Вторая записка, предположительно написанная Каподистрией, датирована 30 апреля (12 мая) 1820 года. В ней содержится более подробный анализ ситуации в Испанской Америке в свете восстановления конституционной системы в Испании – той же системы, которая существовала в 1814 году во время реставрации Фердинанда VII[421]

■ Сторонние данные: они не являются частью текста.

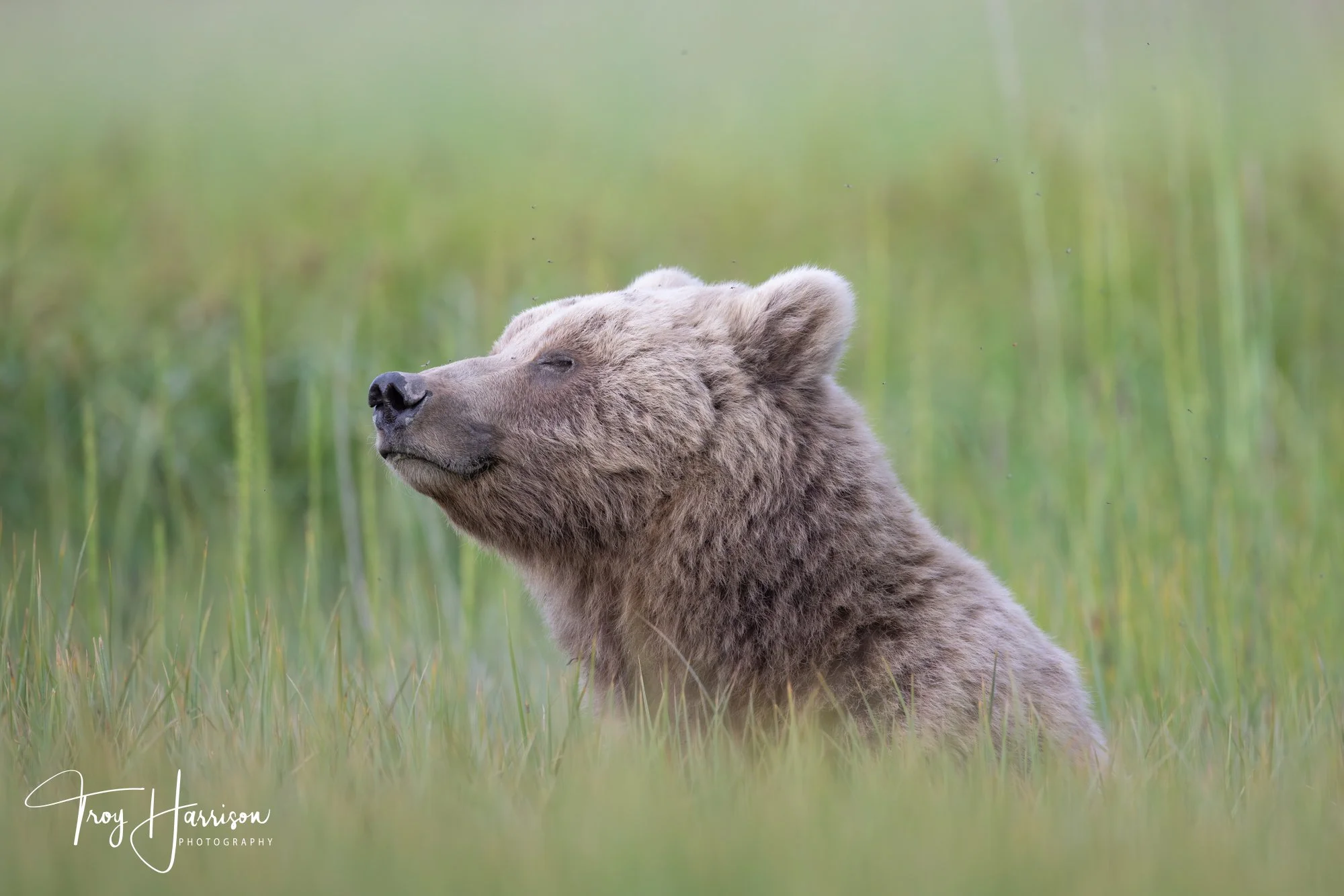 1 - Brown Bears, Alaska 2022, img 3204.jpg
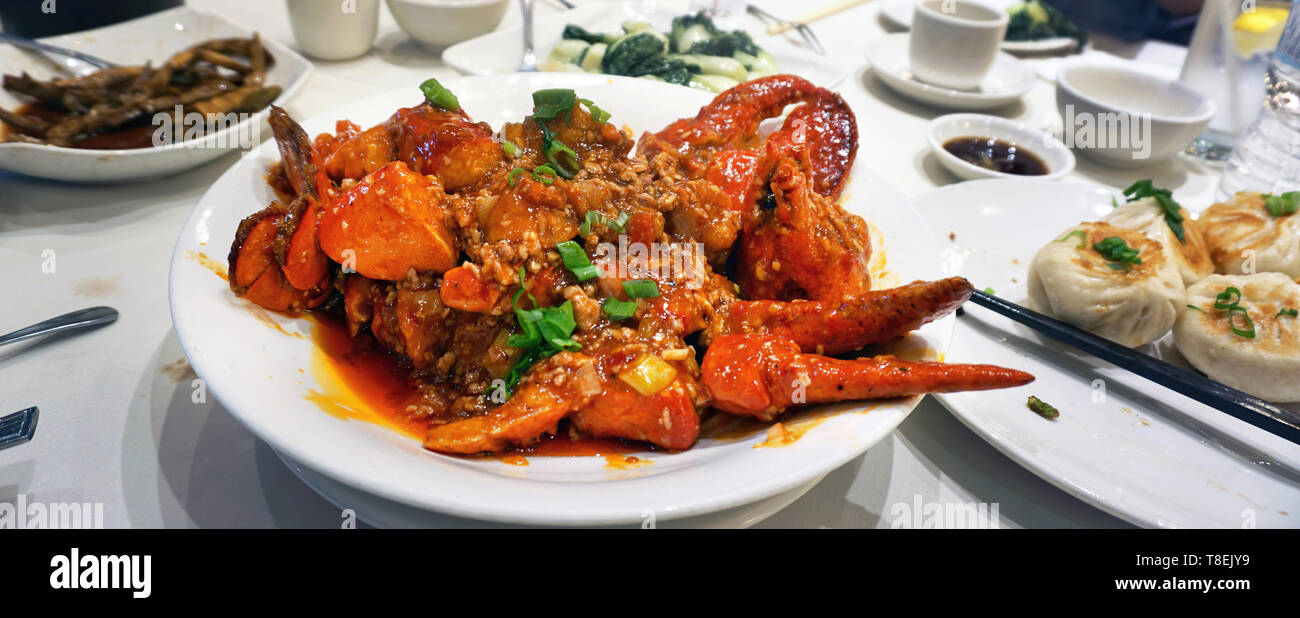 Over three pounds of fresh Maine lobster cooked Chinese Asian style. Stock Photo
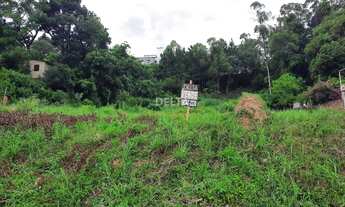 Imagem: Em busca de um terreno para investir ou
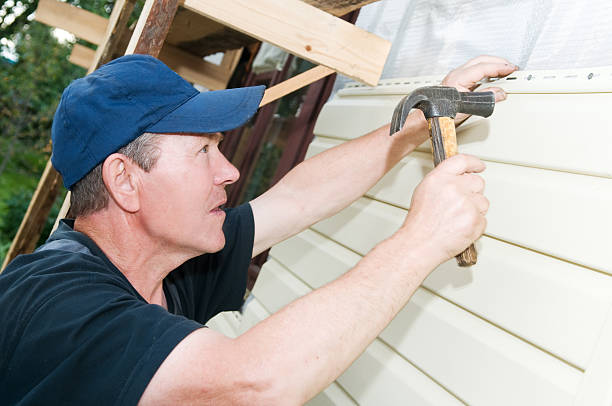 Best Fascia and Soffit Installation  in Lakewood, CO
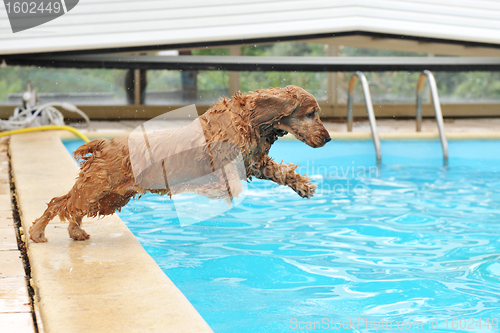Image of swimming cocker
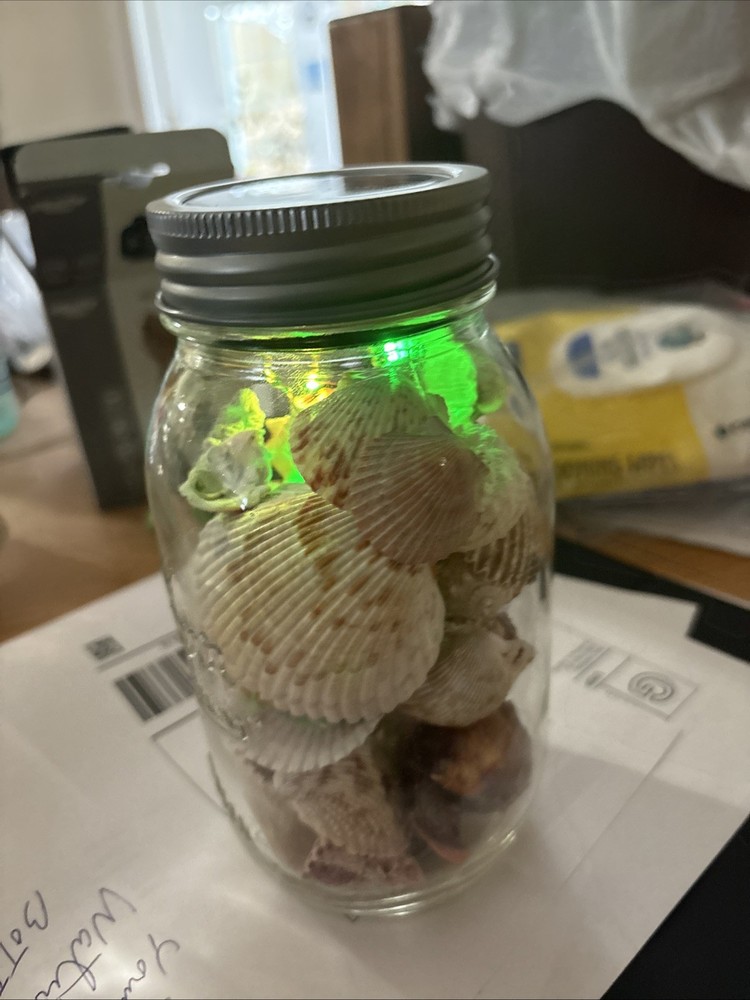 Shells In Lighted Jar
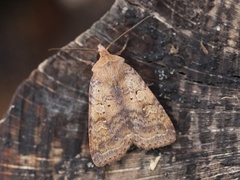 Augustteglfly (Diarsia dahlii)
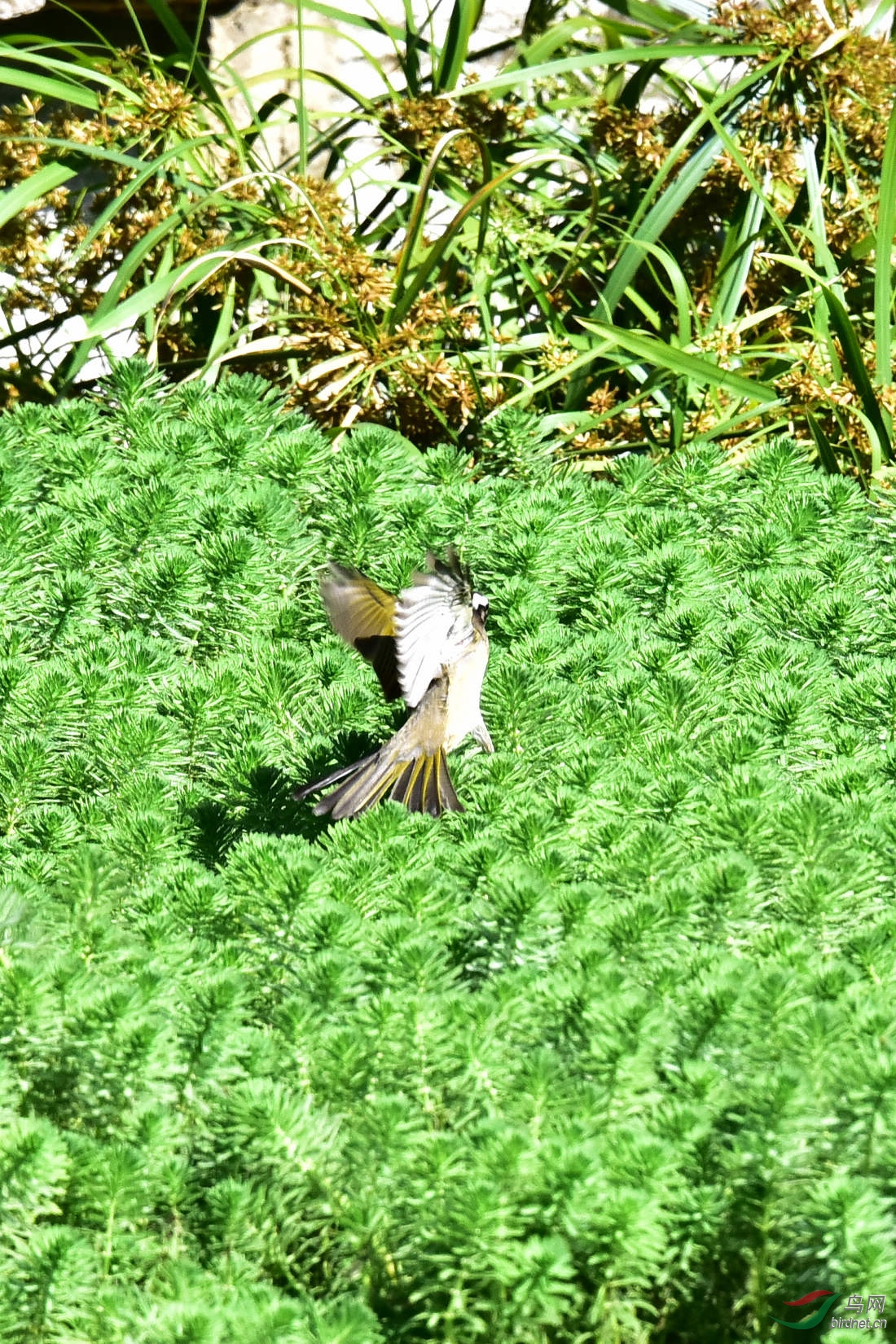 DSC_7879.JPG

. Как можно было укрепить союз Испании с ее старыми американскими владениями, учитывая события марта 1820 года? Описывая Испанскую Америку как гибридное общество, Каподистрия подчеркивал взаимосвязь между политическими интересами Испании и будущим Испанской Америки. Революция в Испании, изменившая значение политических расстановок в колониях, могла бы стать решением проблемы умиротворения. И хотя из-за свободы печати Испания лишилась возможности «подавлять частичное инакомыслие просвещенными методами» в таких колониях, как Мексика, Перу и Куба, на тот момент у кортесов появилась возможность принять справедливое законодательство, определяющее права и обязанности (Идея проводимых сверху реформ, продукт европейских просвещенных монархий, помешала миротворцам адаптировать соглашения 1814, 1815 и 1818 годов к реальности открытого политического противостояния. Проще говоря, их ви́дение гармонии, стабильности и политических изменений не могло вместить социальные и политические процессы, происходившие в Европе и Америке. Борьба за независимость в Испанской Америке, восстания в Греции и угроза войны между Россией и Османской империей в 1821–1822 годах – все эти события показали, что подавление революционных настроений, считавшееся залогом мира в Европе (и эффективно реализуемое в Италии, Португалии и в конечном счете в Испании), не зависело исключительно от событий на европейском континенте. Европейский мир приобрел трансатлантический, транспацифический и трансконтинентальный характер. В марте 1822 года Соединенные Штаты признали независимость Испанской Америки, а к декабрю российское правительство признало, что даже если независимость еще не наступила, она выглядит неизбежной[422]
. Россия не сразу признала новые независимые государства. Иными словами, неясная и противоречивая реакция российских дипломатов на восстания в Испанской Америке свидетельствовала о продолжающемся непонимании того, что либерализация стала неизбежной. В соответствии с дискуссиями XVIII века о политическом инакомыслии и религиозной терпимости, российские правители продолжали считать, что за постоянными беспорядками стоит горстка мятежников, в терминологии посленаполеоновской Европы – революционеров, фанатиков или якобинцев. Как свидетельствуют историки, российская политическая культура того времени отличалась персонализированными отношениями с властью, и потому беспорядки и коррупция представлялись проявлениями скорее индивидуального поведения, нежели институционального. Следовательно, решением проблемы неравенства и злоупотреблений была не системная реформа, а нравственное самосовершенствование подданных, граждан и чиновников.Веронский конгресс и Испанская революция
На начальном этапе Испанской революции, начиная с военного мятежа в январе 1820 года и до начала марта, когда король Фердинанд VII принял конституцию 1812 года, император Александр I пытался достичь соглашения с союзниками о коллективном европейском ответе. Эти усилия не увенчались успехом, хотя после конгрессов в Троппау и Лайбахе была санкционирована австрийская интервенция в Италию, российские политики снова посмели надеяться, что Великобритания и Франция присоединятся к усилиям по спасению Испании. Поверенный в делах России в Мадриде граф Булгари писал из Лайбаха министру иностранных дел Каподистрии о своем мнении, что эффективная поддержка союзников по реставрации неаполитанской монархии в Королевстве Обеих Сицилий могла бы привести к тому же результату в Испании[423]
. Александр согласился и поддержал вмешательство, но только при участии Франции и британском молчаливом согласии. Тем временем монарх продолжал поручать своим дипломатическим представителям сохранять нейтралитет[424].